» Your instructions
Below is a listing with pictures. Repeat exactly the lines starting at the one holding "1000 West Avenue Miami Beach FL 33139" and going on through the one holding "Gangwon-do Provincial Flower", and leave every picture out.

» Records shown
┌──
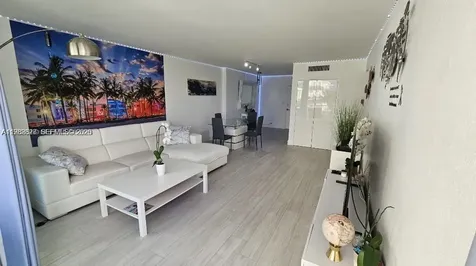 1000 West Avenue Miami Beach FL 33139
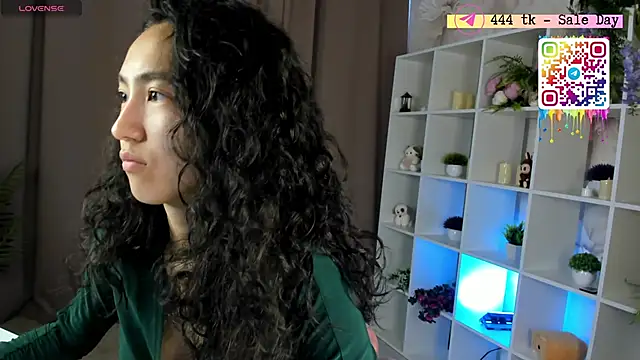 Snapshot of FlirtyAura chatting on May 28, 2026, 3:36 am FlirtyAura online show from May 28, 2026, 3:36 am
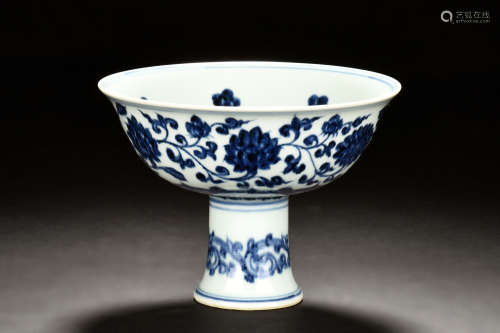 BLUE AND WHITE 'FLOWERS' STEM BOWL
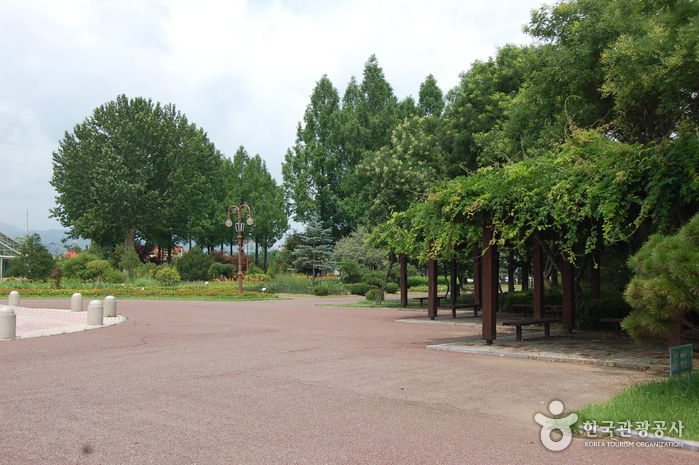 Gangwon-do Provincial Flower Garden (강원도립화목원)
└──
┌──
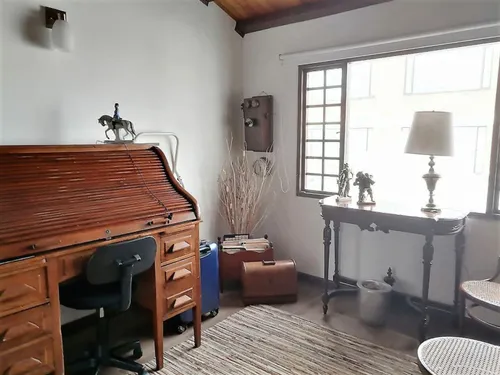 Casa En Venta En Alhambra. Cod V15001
└──
» Written response
 1000 West Avenue Miami Beach FL 33139
 Snapshot of FlirtyAura chatting on May 28, 2026, 3:36 am FlirtyAura online show from May 28, 2026, 3:36 am
 BLUE AND WHITE 'FLOWERS' STEM BOWL
 Gangwon-do Provincial Flower Garden (강원도립화목원)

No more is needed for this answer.